As around 12.00 noon I was brought back into court. Mr Green was not present, and the Polish interpreter told me that he had left court as he had other urgent matters to attend to.

9.

The Judge through the interpreter then asked me if I would agree to be extradited to Poland. I did not know what to say. I was looking for advice from my lawyer, however, there was no one to advise me. I was very confused by the question being asked because I had already refused consent to extradition. I know that there was some discussion between the Judge and the Prosecutor, but I cannot remember what was said.”

5.

As part of the preparation for the appeal the Appellant’s solicitors contacted Mr Green to obtain his recollection of events on the 26th December 2018. In an email on the 11th January 2019 included in the appeal bundle Mr Green provided his recollection in the following terms:

“I recall this case. As you say I was Duty Solicitor on Boxing day.

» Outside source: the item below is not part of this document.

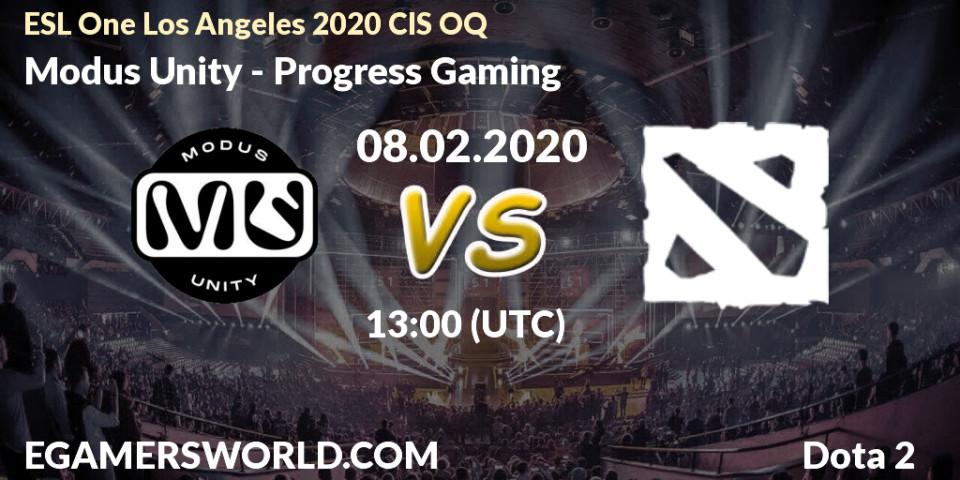 Modus Unity - Progress Gaming: прогноз. 08.02.20, Dota 2, ESL One Los Angeles 2020 CIS OQ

The Requested Person refused to consent (as he is entitled to).

The Judge on being informed put pressure on him to change his decision and commented that he had no chance of avoiding extradition. He refused to list it for a final hearing on a future date and decided to put the matter back for me to give further advice and told the RP directly that his opposition to extradition was hopeless or words to that effect – I do not have a note of the words used.

I asked that the case be adjourned to the following day as I had a domestic crisis. I pointed out that I was going to be at the Court again as Duty Solicitor for the Extradition court the Judge agreed so I left.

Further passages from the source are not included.